Well, after wasting a bunch of time trying every combination of login names imaginable with the password I know works I guess it's time to just completely re-do my Mac from the ground up, because Why Not.
In very rare circumstances, such as when a power failure interrupts macOS installation, your Mac might start up to a circled exclamation point. This means that the firmware stored in your computer's memory needs to be revived or restored.
@thephd@Sobex It can't make anything worse so you might as well try it! Fedora should have usable packages (you might need to select an older macOS version to restore since I think the latest builds triggered some issues that just got fixed but not released yet).
Can you still get into recoveryOS though? If you can then it should be fixable without DFU... (DM me if you want me to help troubleshoot ^^)
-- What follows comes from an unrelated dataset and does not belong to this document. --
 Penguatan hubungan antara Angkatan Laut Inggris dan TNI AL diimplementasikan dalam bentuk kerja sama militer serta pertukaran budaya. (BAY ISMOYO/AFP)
@Sobex@lina Alas, I am screwed in this regard (it won't boot into RecoveryOS anymore, I think it broke) and I always get put on the exclamation point. I don't have Linux machine but I can pribably make a liveusb with idevicerestore on it or something....?
@thephd@lina This will not work because Apple Silicon does not boot off USB. You always boot the kernel from a container on the internal drive. The kernel can then do other things like load the remainder of the system from a USB drive, but if you've hosed the Boot process, you won't boot from USB either.
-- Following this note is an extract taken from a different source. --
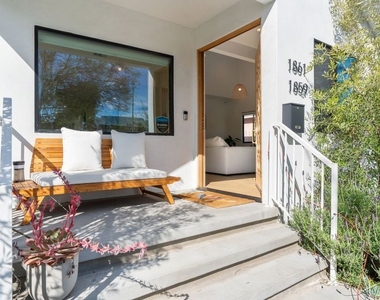 1861 W 38th Street - Photo Thumbnail 2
If you don't have any other computer lying around, idevicerestore can't do anything for you.
@thephd@lina At least your mac has a screen to display the exclamation mark. Mac Minis and Mac Studios do not have this luxury and may resort to flashing a Morse SOS as the only way to tell that the boot loader is hosed and they need to be revived by another device.
@Sobex@thephd They actually used to support displaying that over HDMI... but Apple removed it in an update early on for some reason. Maybe they didn't like that it only worked over HDMI and not over Thunderbolt/Type C?
@thephd does it not even boot into internet recovery? That's capable of fixing almost everything in my experience, if you haven't tried that specifically.
If you can't even get into that... yep. Box. It's super annoying that they can't just use a USB drive to bootstrap it. It has bitten me once before.